EXERCISE GOAL ->
The answer must be the lines from the one containing "Construction Site Fire" through the last line of the data below, copied exactly, with nothing else.

LISTED RECORDS ->
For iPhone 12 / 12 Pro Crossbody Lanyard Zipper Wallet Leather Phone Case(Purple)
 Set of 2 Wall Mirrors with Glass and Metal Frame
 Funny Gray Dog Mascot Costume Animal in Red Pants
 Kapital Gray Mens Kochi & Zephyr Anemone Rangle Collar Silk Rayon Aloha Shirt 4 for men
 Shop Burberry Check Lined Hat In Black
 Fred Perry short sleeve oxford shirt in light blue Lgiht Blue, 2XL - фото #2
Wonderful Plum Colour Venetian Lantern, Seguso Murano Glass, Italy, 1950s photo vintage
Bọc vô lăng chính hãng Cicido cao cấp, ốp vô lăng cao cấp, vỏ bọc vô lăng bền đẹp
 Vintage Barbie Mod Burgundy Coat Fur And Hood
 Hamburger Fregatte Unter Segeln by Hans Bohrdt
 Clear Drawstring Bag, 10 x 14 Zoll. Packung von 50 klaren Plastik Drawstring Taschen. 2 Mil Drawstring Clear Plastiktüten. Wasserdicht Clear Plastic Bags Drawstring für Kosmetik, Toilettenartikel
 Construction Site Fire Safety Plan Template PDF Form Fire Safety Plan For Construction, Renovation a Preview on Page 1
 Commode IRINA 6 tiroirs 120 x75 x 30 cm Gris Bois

RESULT OF THIS EXERCISE ->
 Construction Site Fire Safety Plan Template PDF Form Fire Safety Plan For Construction, Renovation a Preview on Page 1
 Commode IRINA 6 tiroirs 120 x75 x 30 cm Gris Bois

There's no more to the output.